Walter Trout is actually a high-energy artist and so are his songs, but when he gets his acoustic guitar out then you know this will be getting emotional. Indeed, he then talked for the first time intensively about his liver disease a few years ago, that nearly killed him. He was laying on his back for eight months, got brain damage, could no longer speak, died a few times. When they brought him back to life he didn't know his wife anymore and had to relearn how to speak, how to play the guitar, practising seven hours a day.
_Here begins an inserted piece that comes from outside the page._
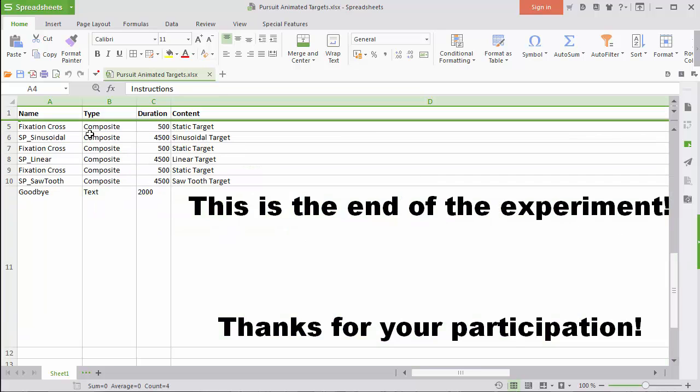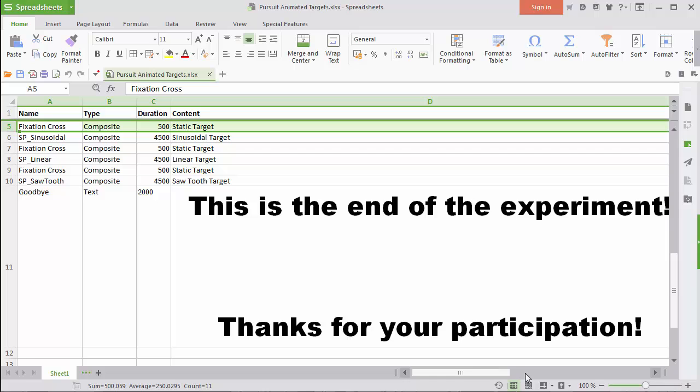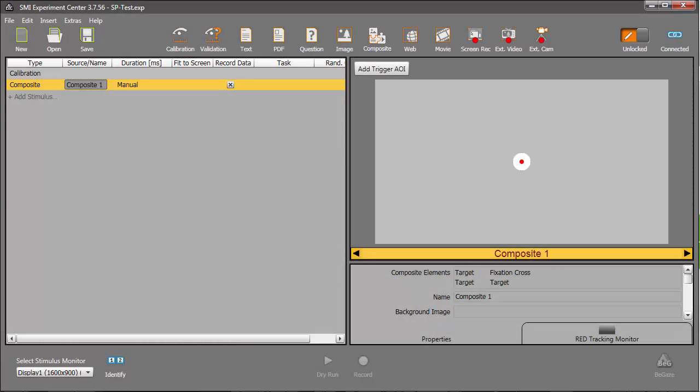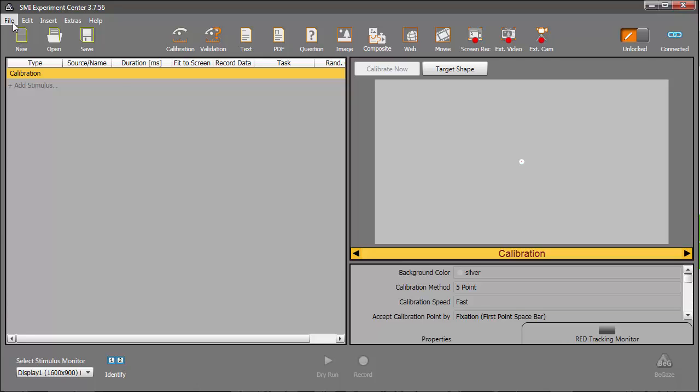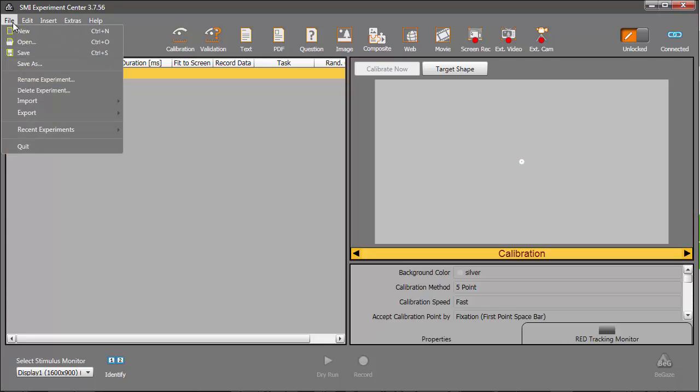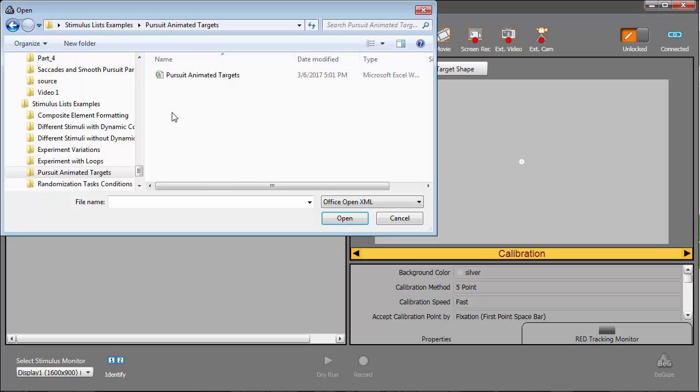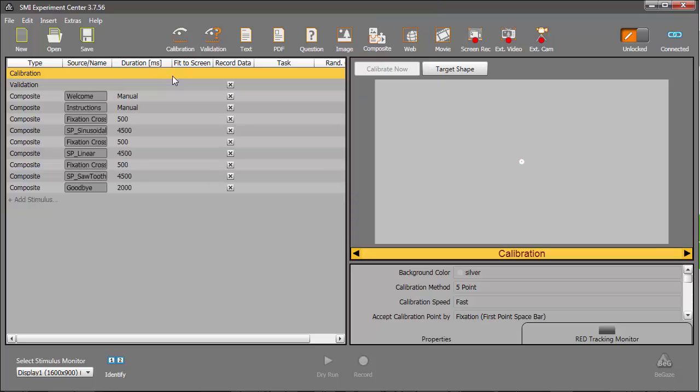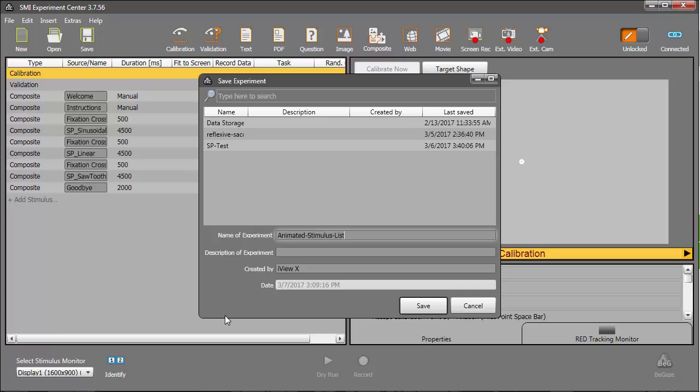Once you've built up your stimulus list in this format, bringing it into Experiment Center is very straightforward. Simply choose New, then File, Import, StimulusList. Navigate to the spreadsheet file and open it. And there's all your stimuli for the experiment.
This song is about that time, because after he had been in bed for half a year in a hospital he asked his wife, to whom this song is dedicated to, to just fulfil one wish: 'Please Take Me Home.' A beautiful, emotional song that opened his very big heart and showed what a fighter he is.
For the last song he brought his bass player, Danny Avila, to the front. Danny is the son of his Hammond player, Sammy, and it was his first time ever in the UK. He stood up high on a speaker and did a magnificent bass solo, where we could hear that he is actually a guitar player ̶ this was unbelievable. As an encore they finished this great evening with a groovy cover of 'Going Down' that he sang together with one of his crew members, who almost sounded like Axel Rose. He ended the evening with a reminder how important it is to sign up for organ donation, as this saved his life.
Thank God he survived and provided us with this amazing and unbelievable concert, with great guest musicians, entertainment and breath-taking music.
Actually it is said legends die young. But not Walter Trout, he belongs to those few legends who happily are still alive and going strong!